Ask Brendan Fahey ’13 what he remembers most from visiting North Korea as part of a for-credit study abroad program – the first of its kind in the U.S. – and it probably won’t be the opulent tomb of the country’s eternal leader, Kim Il Sung, the incredible feats of gymnasts at a famous festival, or even playing a pick-up game of soccer with middle school students who proved themselves worthy adversaries.
While certainly highlights, those experiences don’t compare with what happened on a beach outside the capital city of Pyongyang in one of the most secretive countries on the planet.
“I was challenged to a swimming race by a North Korean police officer,” says Fahey, an international economics and commerce major and midfielder on Lafayette’s lacrosse team. “I thought it was only going to be a few feet, but it was halfway across the bay.”
After the race, the man invited Fahey to join his family on the beach for a picnic of clams and carefully poured shots of distilled alcohol made from grain, a North Korean specialty.
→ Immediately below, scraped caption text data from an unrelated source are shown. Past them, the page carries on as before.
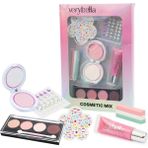 Karahanbey VRB83000 Very Bella Güzellik Seti (Saç Tebeşiri+Far+Yüz Boyası+Lip Gloss+Sticker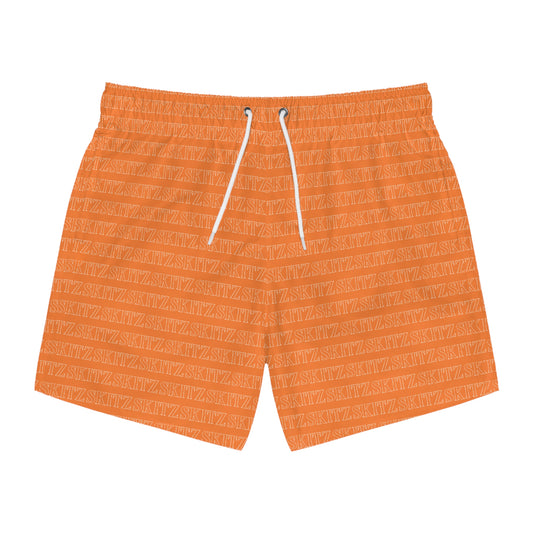 SKITZ Trunks - Optima Orange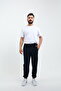 Cushy Cool Men's Oversize Loose Cut Elastic Leg Zippered Parachute Trousers with Back Pocket - 2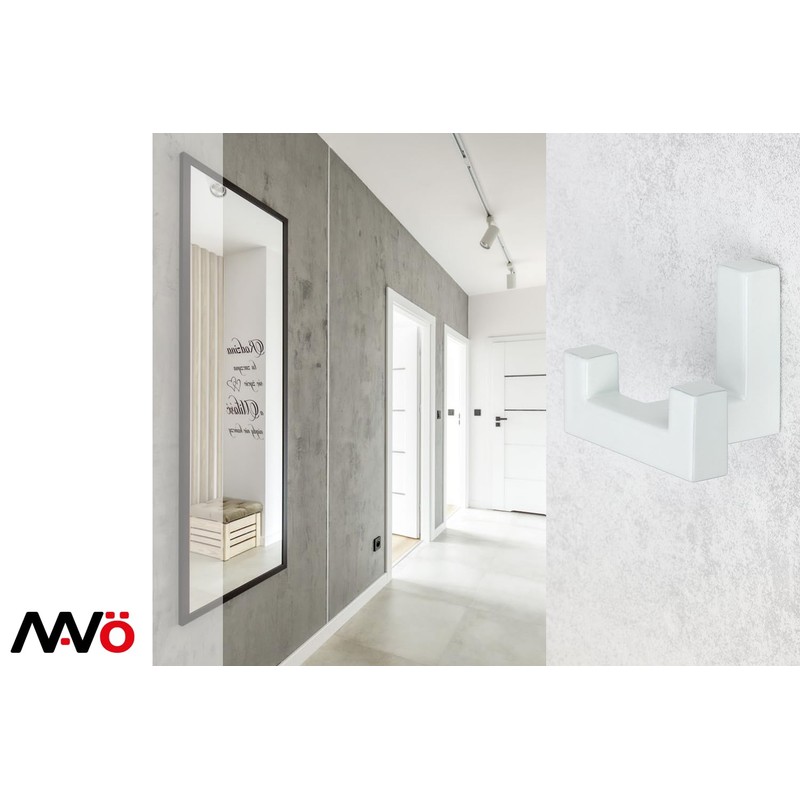 Mavö Oleg Tetris Wall Hooks for Drilling Double Hooks Small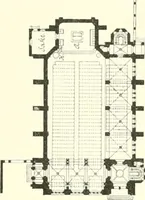 An illustration from Der Kirchenbau des Protestantismus von der Reformation bis zur Gegenwart, hrsg. von der Vereinigung Berliner Architekten (1893)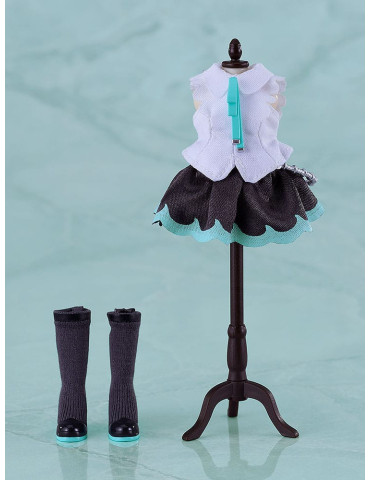 Good Smile Company - Piapro Characters - Nendoroid Doll Outfit Set: Snow Miku Yukiiro Pop Ver. 2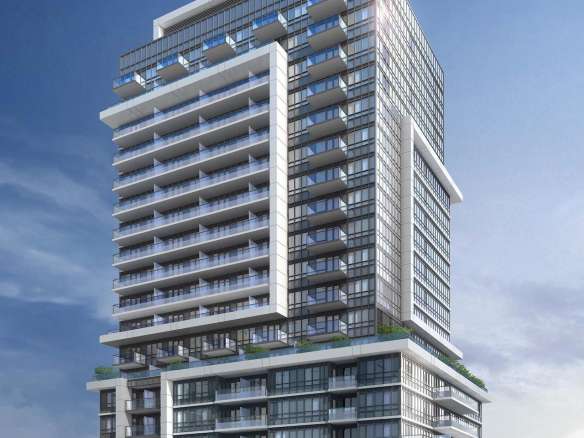 2933 Sheppard East Condos Rendering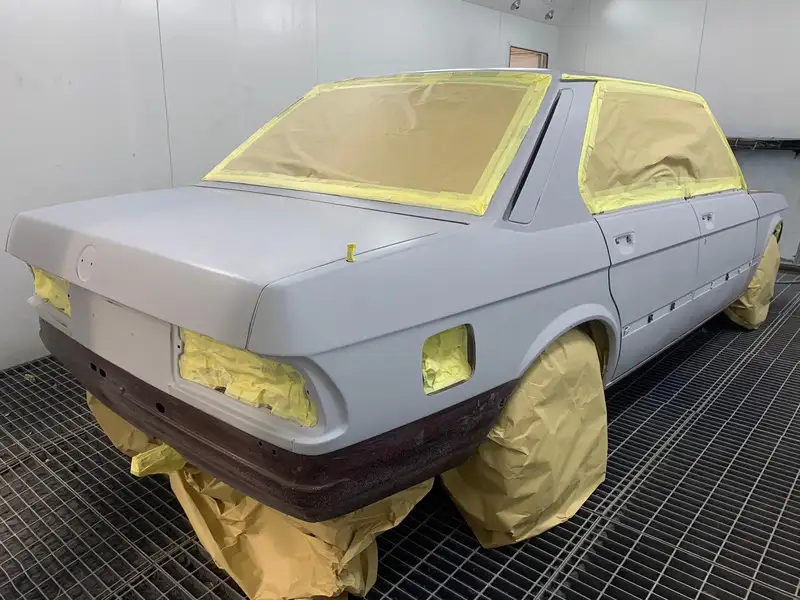 1986 BMW 525E  (E28)-Sold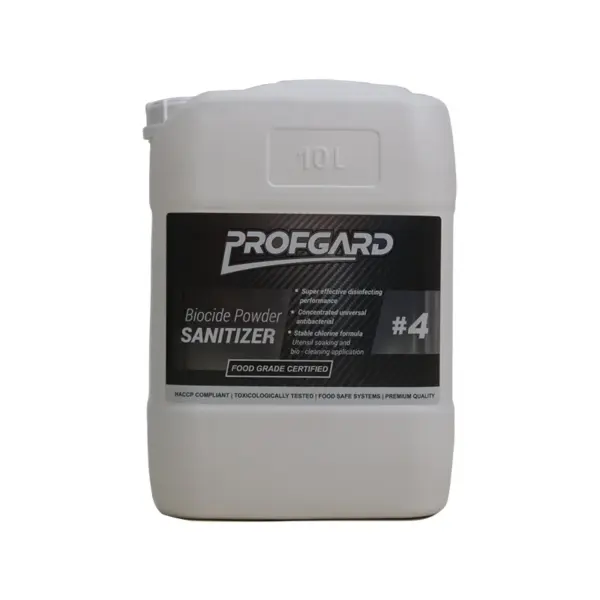 PROFGARD BIOCIDE POWDER SANITIZER #4  10KG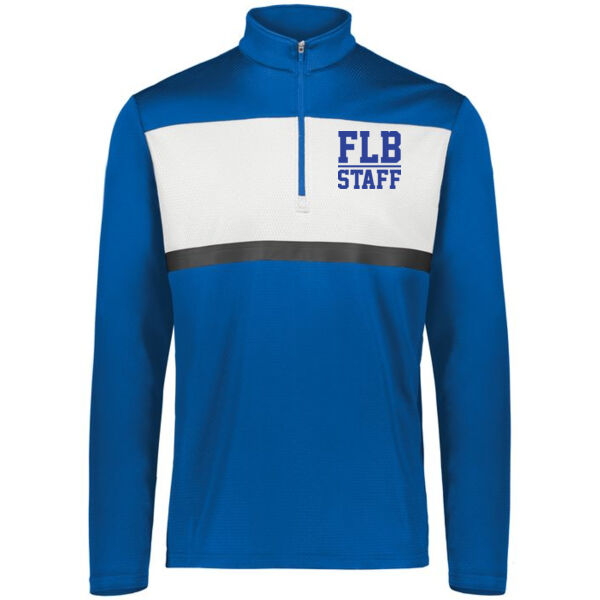 STAFF/FACULTY - Holloway Prism Bold 1/4 Zip Pullover *EMBROIDERED LOGO* Thumbnail
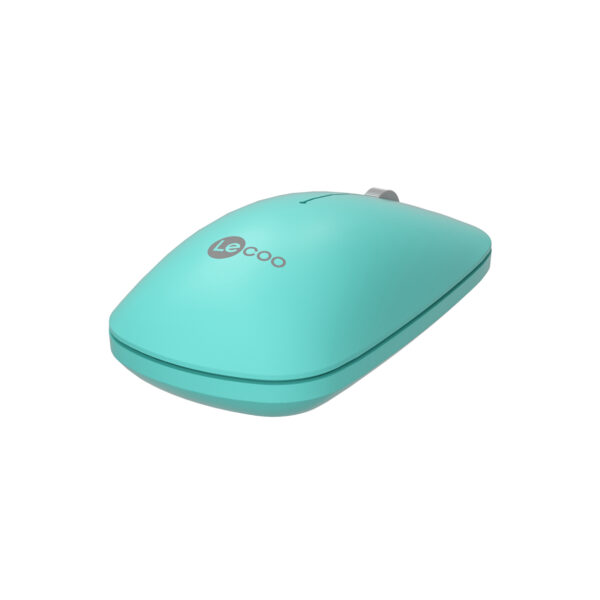 LENOVO LECOO WS214 TURKUAZ KABLOSUZ MOUSE - Görsel 6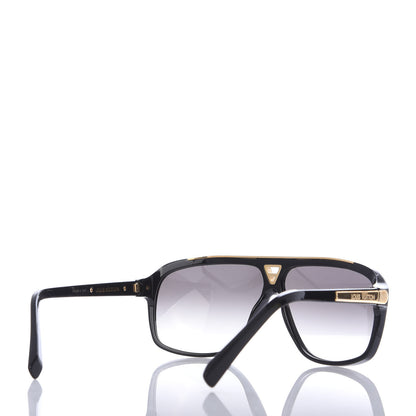 Louis Vuitton Acetate Evidence Sunglasses Z0350W Black 4 of 7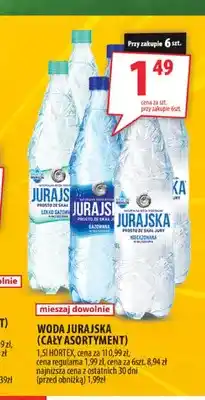 Arhelan Woda Jurajska oferta
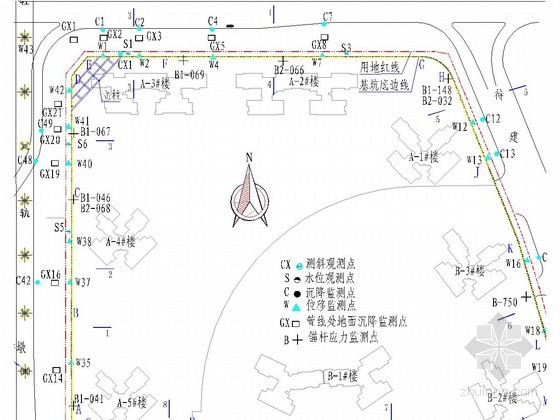 人工挖孔基坑开挖资料下载-[广东]人工挖孔桩基坑支护工程总结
It was just one of many encounters enjoyed by Lafayette students who traveled to China, North Korea, and South Korea this summer for two-and-a-half weeks as part of the course “Interconnections in Northeast Asia.” Organized with help from the Pyongyang Project, a nonprofit in Beijing, the program focused on the history, culture, and politics of East Asia since 1945, and explored the similarities and differences among the three countries.
View and share photos from Interconnections in Northeast Asia in Flickr
“We wanted to study North Korea not in isolation, but as a complicated and diverse region,” says Seo-Hyun Park, assistant professor of government and law.
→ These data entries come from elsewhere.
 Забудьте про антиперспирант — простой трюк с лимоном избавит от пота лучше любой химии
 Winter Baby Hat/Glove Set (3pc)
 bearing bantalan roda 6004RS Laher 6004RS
Paul Barclay, associate professor of history, who accompanied Park on the trip along with Michael Jordan, director of international and off-campus education, says the group was able to compare representation of the Korean War by visiting museums devoted to the conflict in each country. North Korea’s version is the Victorious Fatherland Liberation War Museum, China’s is the Museum of the War to Resist U.S. Aggression and Aid North Korea, and South Korea’s museum commemorates the Korean War as but one of many invasions on the peninsula.
However, it’s one thing to read a plaque or gape at a display in a history museum, but another to meet the people who have been affected by the conflict, says Connor McNamara ’13, a mechanical engineering major and member of the fencing team.
“Many of our experiences were off the normal tourist routes, so we were able to experience the countries from the perspective of the citizens,” he says.
In Beijing, students met with peers at Peking University to discuss Korea, foreign policy matters, and U.S.-China relations. And if their conversations indicate the future of diplomacy between the two nations, we can all exhale a hopeful sigh. Although social media is blocked in some parts of China, university students occasionally have access and the two groups are now Facebook friends. Students also hiked the Great Wall, glimpsed the Forbidden City, and took a boat ride in the Yalu River, which borders North Korea.
Originally, class participants thought they’d have to fly to Pyongyang, but at the last hour learned they’d be taking a train into North Korea, following an experience on an overnight one from Beijing to Shenyang, another Chinese city closer to the border of North Korea.
Once there, security was a lot more lax than imagined. Christina Cucinotta ’14 says a security guard seemed more interested in looking at her postcards of the Great Wall than screening her person and bags with a metal wand.
Although the group’s passage through North Korea was carefully planned, citizens were extremely friendly, with one man wanting to practice his English with students on the train.
“I was amazed at how easy it was to connect with people, even in situations where you do not speak the same language,” says McNamara.
The biggest tourist attraction in the country by far is the Kim Il Sung Tomb Palace. Security there was much more rigorous; cameras had to be turned over and visitors subjected to the equivalent of a full body scan.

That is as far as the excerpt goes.